Their winning design was asymmetrical and heavily wooded, proposing that Saarinen's Gateway Arch rise from an urban forest. Implementation was delayed until 1957 when funding became available. Saarinen and Kiley revisited their original design to create a concept that respected important axial sight lines between the Gateway Arch and the Old Courthouse. The sweeping landscape reflects the curve of the Arch, repeating the curvature in walkways, stairs, and site walls. The Gateway Arch was completed in 1965 and dedicated in 1968, with landscape construction continuing for more than a decade.

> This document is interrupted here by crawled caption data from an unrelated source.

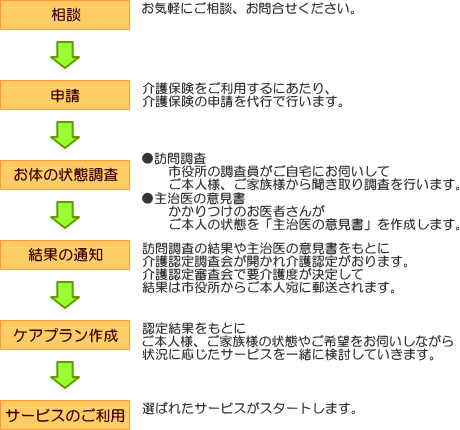 ご相談からサービス提供まで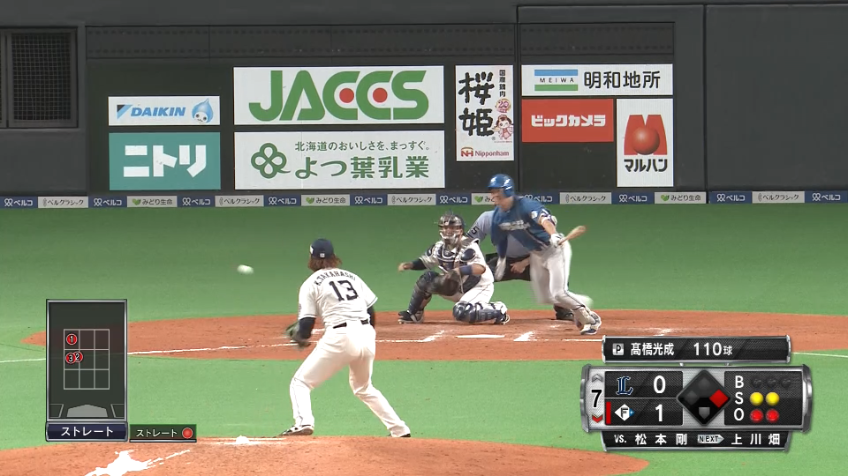 7回裏・L高橋光成 7回111球5奪三振1失点の粘りの投球を見せる!!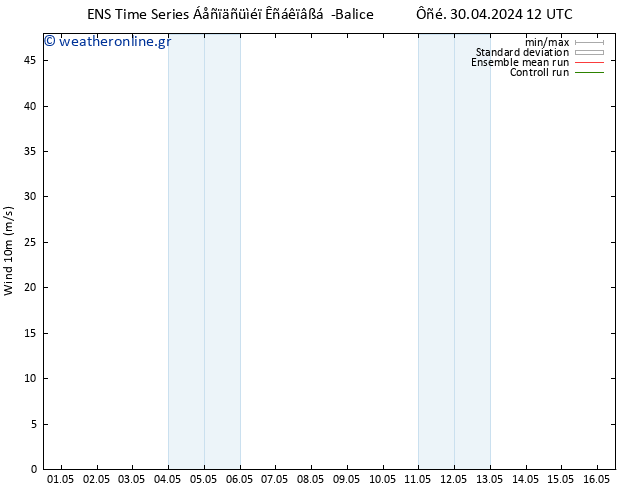  10 m GEFS TS  01.05.2024 00 UTC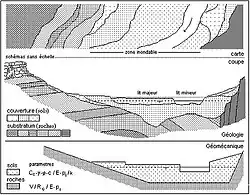Modèles géol-géoméc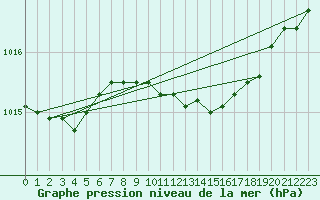 Courbe de la pression atmosphrique pour Chivenor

In 2009 Michael Van Valkenburgh Associates won a design competition for improving the visitor experience. Completed in 2018, and funded by a public-private partnership, the work improved park access with the addition of a 280-foot-long pedestrian land bridge across Interstate 40, regraded the site, and introduced pedestrian and bike paths to improve connectivity with the surrounding neighborhood. A parking garage on the park’s north side was replaced by a bowl-shaped lawn. Kiley’s design intent was retained, with some trees, shrubs, and perennials throughout replaced with native and more resilient species. A subterranean visitor center, also designed by Saarinen, was replaced with one designed by Cooper Robertson and James Carpenter Design Associates with a glass-fronted entrance and a regraded western approach that reinforced visual and physical connections with Luther Ely Smith Square and the Old Courthouse. The park was listed in the National Register of Historic Places in 1976 and designated a National Historic Landmark in 1987. In 2018 it was rededicated as Gateway Arch National Park.